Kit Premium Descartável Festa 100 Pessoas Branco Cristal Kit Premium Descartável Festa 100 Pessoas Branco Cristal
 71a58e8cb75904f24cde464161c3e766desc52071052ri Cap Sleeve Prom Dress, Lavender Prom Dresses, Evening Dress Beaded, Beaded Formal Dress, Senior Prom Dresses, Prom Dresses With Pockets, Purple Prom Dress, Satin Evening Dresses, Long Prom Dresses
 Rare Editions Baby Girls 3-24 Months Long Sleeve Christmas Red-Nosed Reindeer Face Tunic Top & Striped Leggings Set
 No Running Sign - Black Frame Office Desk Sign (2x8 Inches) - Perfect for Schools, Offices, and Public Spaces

************

* **Exercise prompt**
Nothing should be returned except the lines from the one containing "71a58e8cb75904f24cde464161c3e766desc52071052ri Cap Sleeve" through the last line of the data, each restated word for word.

* **The completed task**
 71a58e8cb75904f24cde464161c3e766desc52071052ri Cap Sleeve Prom Dress, Lavender Prom Dresses, Evening Dress Beaded, Beaded Formal Dress, Senior Prom Dresses, Prom Dresses With Pockets, Purple Prom Dress, Satin Evening Dresses, Long Prom Dresses
 Rare Editions Baby Girls 3-24 Months Long Sleeve Christmas Red-Nosed Reindeer Face Tunic Top & Striped Leggings Set
 No Running Sign - Black Frame Office Desk Sign (2x8 Inches) - Perfect for Schools, Offices, and Public Spaces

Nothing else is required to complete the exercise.